Why don’t we make more of this profound Hope? I suggest three main reasons:
a) Over the centuries we have seen so many ‘millenarian’ movements proclaiming the imminent end of the world – ‘The Pursuit of the Millennium’ is a fascinating yet worrying read;
b) Post-Enlightenment Christianity has become embarrassed to hold such a blatantly supernatural article of faith (Article IV of the 39 Articles, for example)
c) It hasn’t happened yet!
To tackle these in turn:
a) We know even from the pages of the New Testament that an imminent Return of Christ (Parousia) was often expected, and that hope had to be realigned to the realities of the Christian life (2 Thessalonians 3.10, for example). Enthusiastic movements such as the 2nd Century Montanists plainly had some such expectation, and right through to the Jehovah’s Witnesses today this belief has been a great inspiration, even though all predictions have proved futile. It does lead many to re-assess whether such a belief should have any place granted this history. The simple answer is ‘No’; just because some people have got it wrong, the overall belief is not invalidated though it may need more careful consideration.
b) Familiar rationalism has created liberalism, which has been a valuable antidote to modern Fundamentalism and mindless, superstitious ‘faith’; poor Anselm’s credo ut intelligam (‘believe in order that I may understand’) has been misused to make blind ‘faith’ a virtue, which not even Jesus proposed – he told us to watch and not to let anyone deceive us, being ourselves as ‘wise as serpents’.. Realised Eschatology, its roots in the Johannine tradition, took off in the 20th Century, reinterpreting ‘eternal life’ to mean a virtuous quality of life rather than an endless quantity of life, and of course there is much to be said for this in terms of the moral and spiritual teachings of the New Testament and of Jesus himself. Albert Schweizer’s famous conclusion that Jesus was a failed eschatological prophet who flung himself to the cross trying to make God see his point of view, probably sums up the basis for redirecting the Second Coming hope towards a more spiritual and reasonable hope. But by the time the supernatural has been removed from the Gospel, Christology become Adoptionism, eternity become excellence in this world, and God merely the Ground of Our Being and not Trinity, there is not much left!

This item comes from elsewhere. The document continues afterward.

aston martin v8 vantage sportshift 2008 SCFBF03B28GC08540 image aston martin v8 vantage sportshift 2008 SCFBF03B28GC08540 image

Christianity is fundamentally supernatural or it is nothing.
c) For some in New Testament times the delayed Parousia was already a problem: ‘Where is the promise of His coming’ (2 Peter 3.4). This could, of course, mean we have always got it wrong if doubts existed even then, but Peter’s answer in this epistle is helpful: God does not work on our timescale, and if the Parousia is delayed, it is to give us time to turn to God rather than face judgement too soon, so live as if the Parousia is tomorrow, but plan to be here a long time! We sometimes call this ‘Now, and not yet’. Unfortunately, there is an industry of speculation among evangelicals, often based precariously on the Book of Revelation, to construct the agenda and scheduling of the Last Days, but since Jesus himself said that only the Father knows the times, it does seem pointless to pursue the Millennium through literalism in that most troubling of books.

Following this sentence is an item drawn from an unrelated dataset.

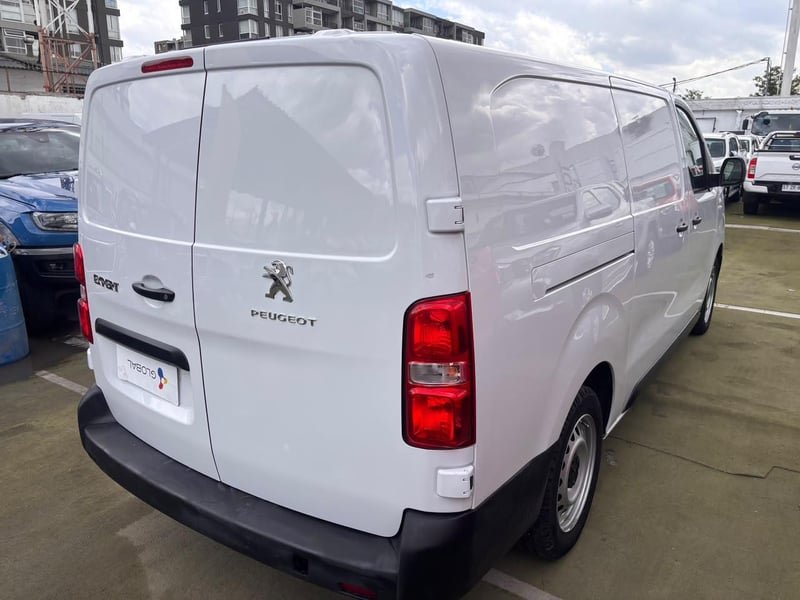 Peugeot EXPERT Premium Long 2.0 HDi 2023 - Imagen 8 de 10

In conclusion, Christians must hold on to the faith of the creeds and New Testament, that this chapter, entitled ‘Spacetime’, will conclude and another chapter begin. It is His Story and not our history, Otherwise, to recycle St Paul, we are of all people the most to be pitied. Advent tells us there is a great Hope to be eagerly awaited, whenever it may come, and that the arrival of the Son of God in the first place, and later his resurrection, are God’s promises to us that the Hope will be fulfilled: he will come again to judge the living and the dead. And to refer again to 2 Peter ch. 3: in the light of the Parousia, what sort of people should we be?
Enjoy the fun and Hope of Advent!
This resource was written by Richard Coupe, one of RE:ONLINE’s Email a Believer team.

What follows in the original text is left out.